This algorithm will help you identify the source of your patient's tinnitus; a summary of the evidence for various treatments makes it clear which ones to avoid.

CASE 1 Mr. L is a 47-year-old construction worker who comes to the clinic with a 3-month history of bothersome, constant, high-pitched ringing in his ears that is worse on his right side. He also reports mild hearing loss. Mr. L notes that he keeps a busy schedule, working weekends at a local shooting range. He is a 30-pack-year smoker and takes sumatriptan and nasal fluticasone spray as needed for migraines and allergies. On inspection, his ears appear normal.

CASE 2 Ms.

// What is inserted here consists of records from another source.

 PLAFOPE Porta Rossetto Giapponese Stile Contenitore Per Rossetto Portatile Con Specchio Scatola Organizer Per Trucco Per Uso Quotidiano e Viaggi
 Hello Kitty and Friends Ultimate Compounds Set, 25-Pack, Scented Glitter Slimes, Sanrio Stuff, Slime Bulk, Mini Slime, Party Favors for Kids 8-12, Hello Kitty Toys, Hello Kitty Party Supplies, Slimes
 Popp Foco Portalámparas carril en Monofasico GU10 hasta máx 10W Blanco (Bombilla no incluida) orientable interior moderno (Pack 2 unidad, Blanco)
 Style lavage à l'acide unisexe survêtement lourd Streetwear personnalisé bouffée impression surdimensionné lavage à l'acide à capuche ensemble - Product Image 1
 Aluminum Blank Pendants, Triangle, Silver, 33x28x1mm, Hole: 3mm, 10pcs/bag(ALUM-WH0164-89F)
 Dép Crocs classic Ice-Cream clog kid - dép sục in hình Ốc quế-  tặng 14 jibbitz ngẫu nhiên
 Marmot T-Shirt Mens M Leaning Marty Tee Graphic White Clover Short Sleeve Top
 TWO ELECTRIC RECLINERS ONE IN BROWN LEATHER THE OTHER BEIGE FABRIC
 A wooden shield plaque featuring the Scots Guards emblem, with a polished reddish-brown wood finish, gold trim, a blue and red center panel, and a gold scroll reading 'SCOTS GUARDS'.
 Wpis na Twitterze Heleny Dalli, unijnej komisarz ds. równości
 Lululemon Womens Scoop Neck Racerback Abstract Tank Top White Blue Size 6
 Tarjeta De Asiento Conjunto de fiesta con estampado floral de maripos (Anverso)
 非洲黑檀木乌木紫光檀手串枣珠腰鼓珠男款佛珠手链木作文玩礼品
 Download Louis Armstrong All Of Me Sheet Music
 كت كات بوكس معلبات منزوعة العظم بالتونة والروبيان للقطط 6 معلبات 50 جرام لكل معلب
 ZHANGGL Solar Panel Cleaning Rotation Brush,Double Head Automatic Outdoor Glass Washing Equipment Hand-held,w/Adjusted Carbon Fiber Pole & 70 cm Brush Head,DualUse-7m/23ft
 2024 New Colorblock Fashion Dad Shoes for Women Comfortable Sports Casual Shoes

B, age 68 years, seeks treatment for a constant pulsatile noise in her left ear, which has been bothering her for the past 5 months. She lives alone and says this noise is worse when the house is quiet. She takes chlorthalidone for hypertension and prophylactic aspirin. She indicates that she has no problems with her hearing. On exam, the noise synchronizes with her pulse.

If Mr. L and Ms. B were your patients, what would your next steps be?

An estimated 50 million people in the United States experience some form of tinnitus, (1) and the incidence is on the rise, which some have attributed to the increased use of personal music devices. (2,3) Patients often describe tinnitus as a ringing noise, but it also can be perceived as buzzing, chirping, hissing, whistling, humming, or other sound. It is more often bilateral than unilateral (4) and more often intermittent than continuous. (1)

Tinnitus may be present in childhood, but the prevalence increases with age. Surveys show that approximately 25% of adults experience symptoms and one-fourth of these patients report that it interferes with daily activities. (1,2) 1he prevalence peaks at 31% in patients between the ages of 60 and 69 years. (1)

The severity of the condition ranges from causing patients to merely be aware of the noise to having substantial adverse effects on their quality of life. Because not all patients will report tinnitus symptoms, it is important to be aware of risk factors, which include advanced age, male sex, history of military service, and a work history that includes exposure to loud noise. (1,2) Smoking and hypertension also are associated with higher rates of tinnitus, as is living in the southern United States. (1)

A subjective, or objective case of tinnitus?

While subjective tinnitus consists of noises only the patient can hear, objective tinnitus refers to noises, including somatosounds such as turbulent blood flow or palatal myoclonus, that a physician could at least theoretically detect by auscultation or with an amplifying device. Objective tinnitus is less common than subjective tinnitus and more often has an identifiable and correctable source, (5) though it may herald a serious underlying condition. When tinnitus is pulsatile or rhythmic, it may be the result of an arteriovenous fistula, arteriovenous malformation, cerebral aneurysm, arterial bruit, or other vascular lesion, such as a glomus rumor. (6) Nonvascular conditions like palatal myoclonus present with clicking or low-pitched buzzing and may be a result of multiple sclerosis. (7)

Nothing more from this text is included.